No I didn't. Honest... I ran out of gas. I, I had a flat tire. I didn't have enough money for cab fare. My tux didn't come back from the cleaners. An old friend came in from out of town. Someone stole my car. There was an earthquake. A terrible flood. Locusts. IT WASN'T MY FAULT, I SWEAR TO GOD!!!
It's too late to suggest this but in the future DON'T give her a few hours to "cool down." That's not likely to happen. You will be giving her a few hours to stew about it, call her friends and hash out what you were really saying, stew about it some more, resolve to never speak to you, become infuriated that you haven't called her yet to apologize repeatedly, assure herself you meant the absolute worst and have no intention of apologizing... Alright, maybe that's just me. Still I don't think time heals all wounds, some of them just fester.
Wait... Seriously? How much time are we talking about? My ex still has things that fester with her after 10 years of being divorced. I find that downright unhealthy on her end.
It sounds like she got hurt pretty badly and whatever amends you think you made didn't cover it. Hopefully Drumbum didn't say anything quite that damaging.
The amends were divorce. We didn't get along. But we do have a child together. I'm sorry, but if you can't get over something after 10 years, you have issues and should see a counselor.
My advice to the op is dump her first. If she's still mad and was going to do it anyway you don't suffer the humiliation. If she's mad but loves you she will try to stop you from breaking up. As for the reason, say something like "I'm sorry, blah blah blah, you deserve someone who would never say such hurtful things, blah blah i want you to be happy even if it means losing you" The power will be all yours. Savor the taste but do not abuse it or you won't be able to get it during a time of crisis.

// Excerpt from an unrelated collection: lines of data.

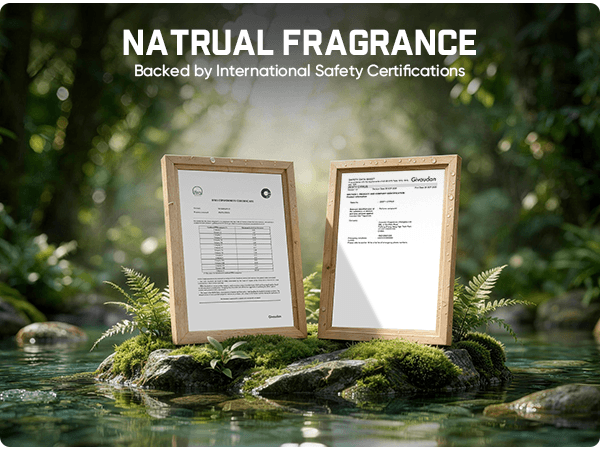 Two framed fragrance certification documents displayed on mossy rocks in a forest stream, with large text at the top reading 'NATURAL FRAGRANCE' and 'Backed by International Safety Certifications'.
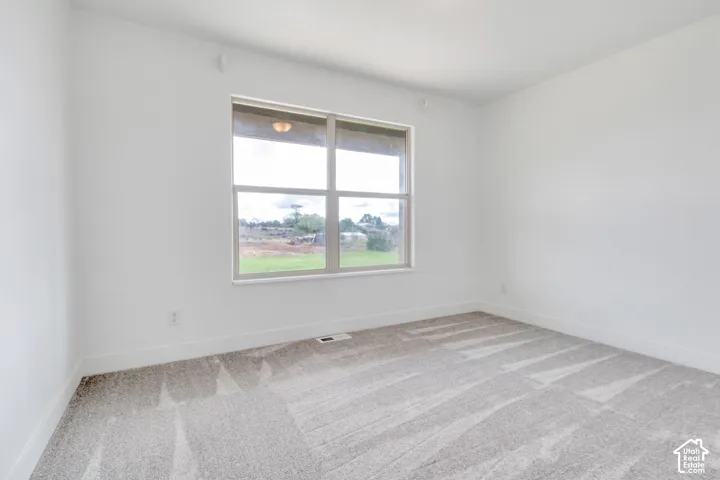 Neutral wall paint, window with white trim, and gray patterned carpeting
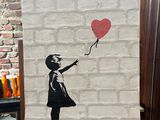 painting of a girl with a red balloon on a brick wall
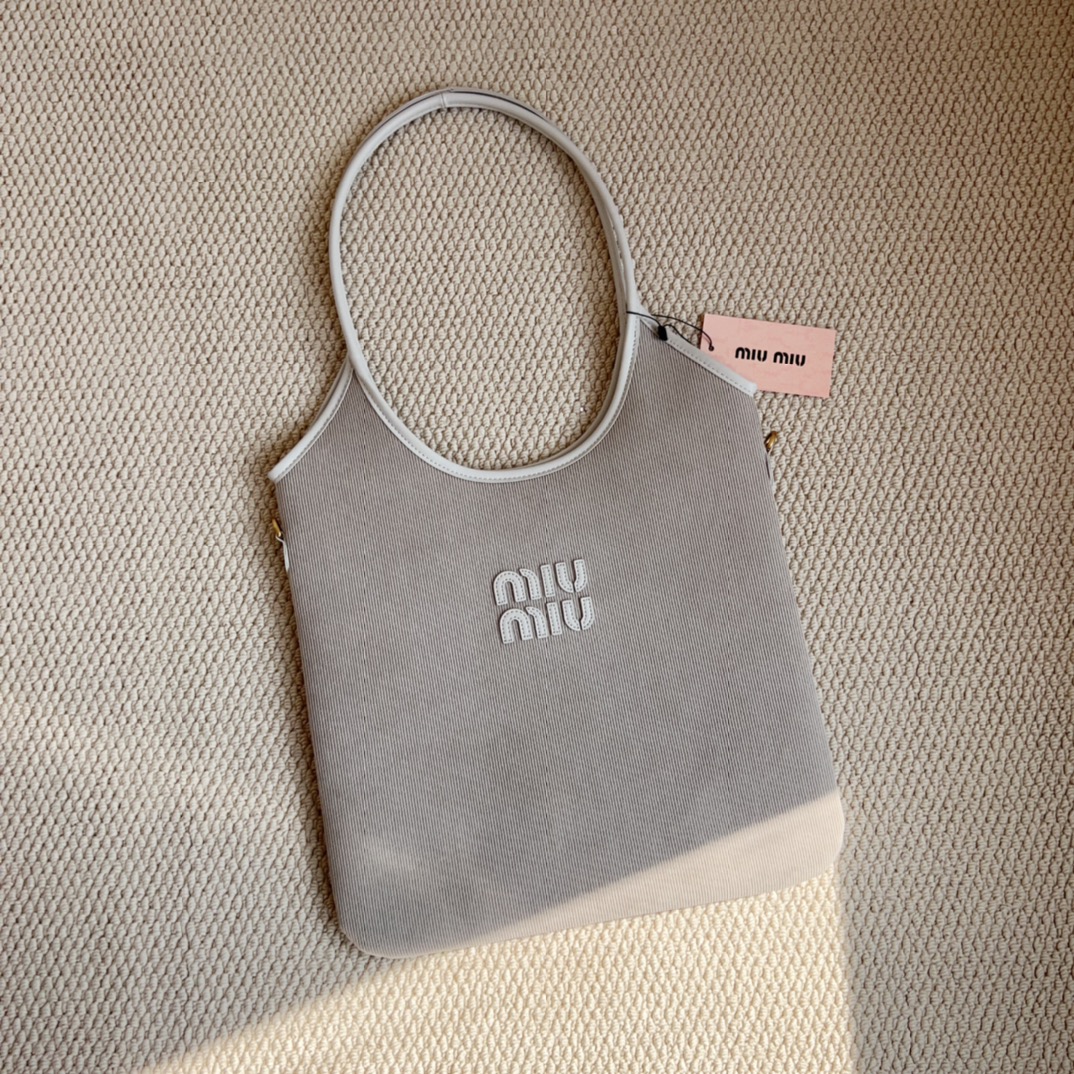 Miu Miu runway crescent tote bag crafted in corduroy - Comprehensive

exactly. the "ultimate way that isn't BS" is also known as the truth. be THE DUKE OF TRUTH, TRUTH, TRUTH...
What I said was as follows: As I stated in a thread prior, she wanted to start having sex two weeks before. So I said, okay, I agree. This past week, I wanted to talk to her about the whole thing and didn't know how to tactfully bring it up so instead I did the MOST untactful thing ever and said, "You know, ever since we talked about the whole sex thing, I've thought maybe you just want to do it, and would do it with someone else", meaning I sort of called her a slut. In the past few days she's really been trying to get over it, but is just sad that I would disrespect her that much. I've told her the truth, being the reason I said it, but to her it doesn't matter cause I still said what I said. I guess it'll blow over with time, but any catalysts would be super helpful.
Sounds like you projected your anticipated infidelity onto her. Calling her presumed intentions out may have indicated your hidden desires to her. Perhaps you're already looking to move on should she fail to follow through? That is why non-marital coitus is overrated. Never can trust the other party involved 100%. No commitment is no security. Not saying that marriage cures infidelity, but it has its levels of security that staying single does not... generally speaking.